Madame Emma, qui l’entendit, devint toute pâle à le voir si pâle.
— Monarque, dit-elle, qu’est-ce que tu as, pauvre ? Qu’est-ce qui
vient de t’arriver ?
— Rien, dit-il. Mais ces Parisiens ne feront jamais la plus petite
chose pour le Midi !
Ce fut tout. Pour la première fois de sa vie, le Monarque avait un
secret ; il portait dans sa tête une chose qui ne pouvait pas se dire, pas
plus à madame Emma qu’à personne, encore moins à madame Emma
qu’à personne, une chose qui pouvait l’humilier ! Il allait être roulé par
des gens du Nord, il allait perdre la face, à l’Espélunque même, dans son
pays, devant ses propres concitoyens. Tout le monde vit bien pourtant, au
cercle, le soir de ce jour néfaste, qu’il y avait quelque chose qui n’allait
pas, et il sentit lui-même qu’il ne pouvait garder complètement le
silence. Pouvait-on croire, quelqu’un au monde pouvait-il croire que le
Monarque, un seul jour, se tairait ? C’eût été prêter à tous les soupçons.

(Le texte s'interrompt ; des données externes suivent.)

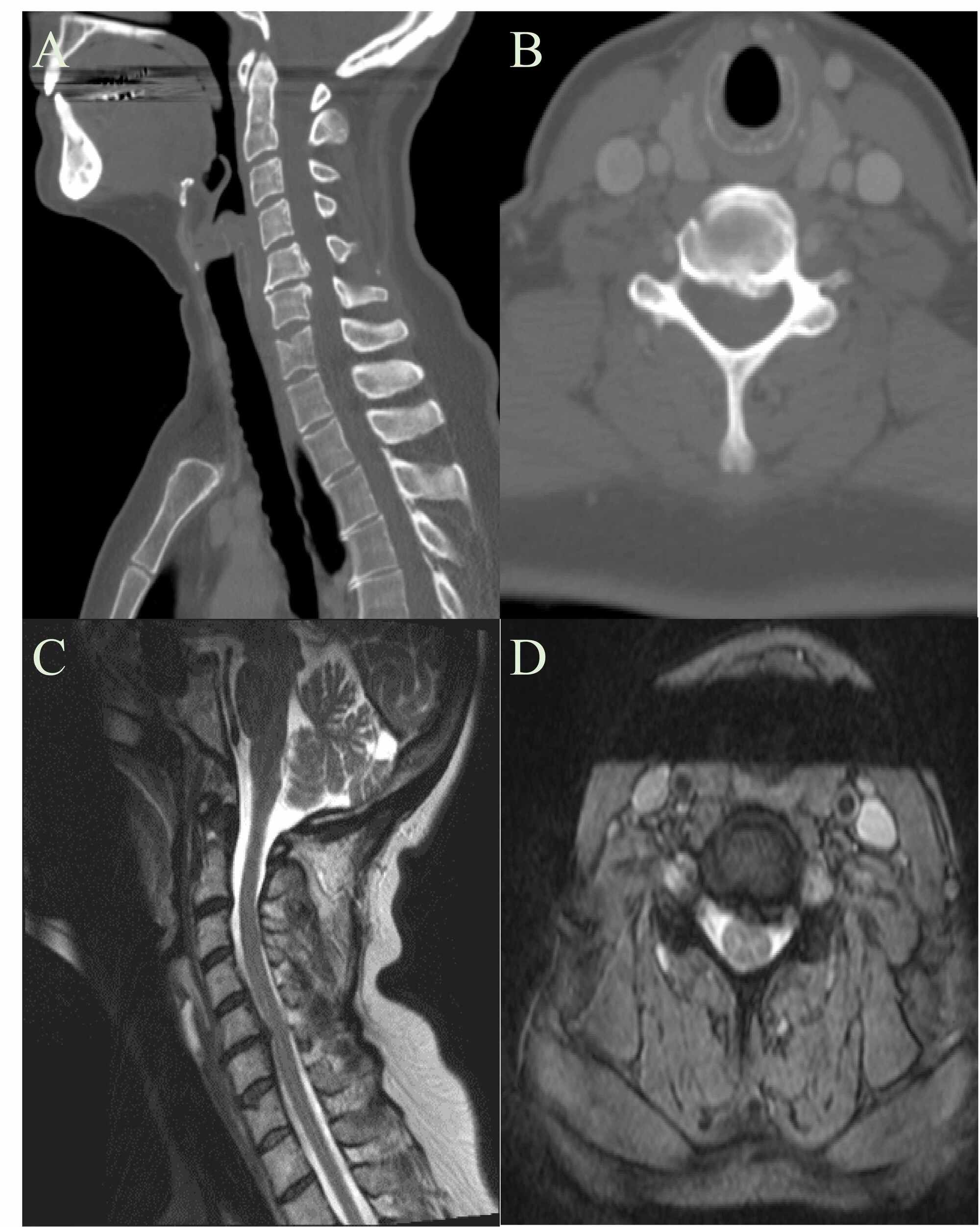 Cureus A Retrospective Pilot Study For Preoperative Screening To Prevent Iatrogenic Cervical Spinal Cord Injury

D’ailleurs, son cœur était trop plein.
— On m’a manqué de parole, à Paris, dit-il amèrement. Il n’a pas son
commandement !
Chacun comprit qu’il ne pouvait être question que de Malavial,
lieutenant de vaisseau. Ils connaissaient tous Malavial. Malavial, depuis
six semaines, c’était « le marin, » le seul marin de l’univers pour
l’Espélunque.
— C’est un grand malheur pour la marine, dit Bécougnan, affligé.
— La marine, répliqua brusquement le Monarque, elle est f…tue !

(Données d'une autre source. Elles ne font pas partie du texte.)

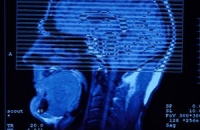 Какое зло таится в мозге: германский невропатолог нашел «темное пятно»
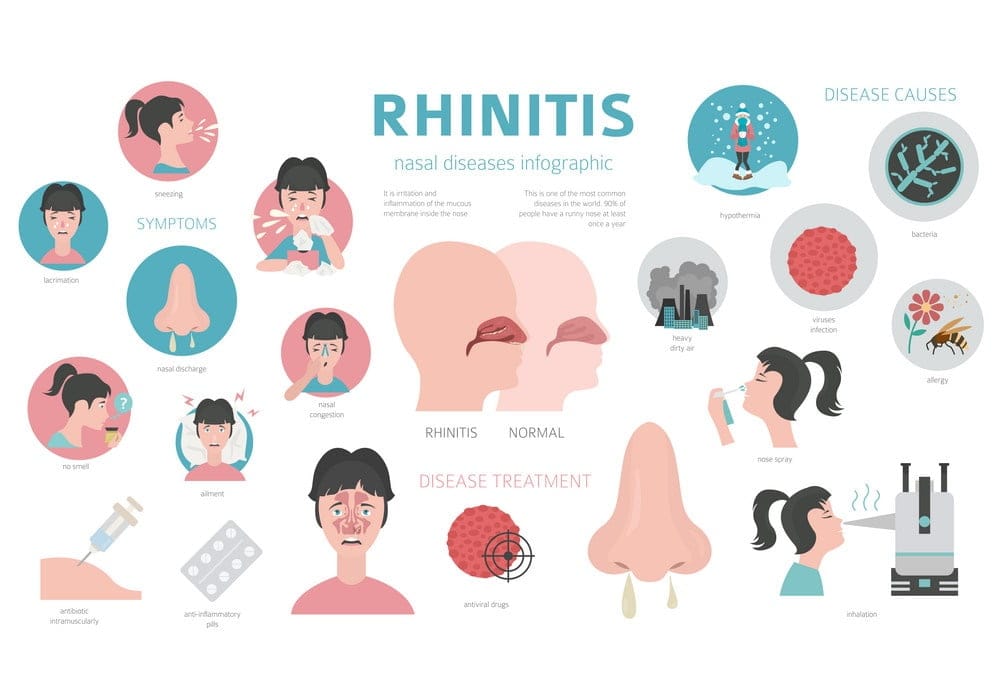 The Ultimate DAD Ayurveda Treatment for Sinusitis Migraine: Say Goodbye to Pain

Et, en vérité, un si intime mélange s’était fait dans son esprit entre le
désir fervent qu’il avait de voir Malavial commander un beau navire
dans les mers de Chine et sa terreur de le voir tomber chez lui, qu’il était
sincère. Il ne pleurait pas sur lui, il plaignait la France. On a vu souvent
des ministres renversés imbus du même sentiment : ainsi l’inquiétude
même du Monarque accrut sa sensibilité, la haussa jusqu’à celle même
de ce qu’on peut appeler, si l’on n’est pas difficile, notre élite politique ;
et, sous l’empire du malheur, il devint sentimental.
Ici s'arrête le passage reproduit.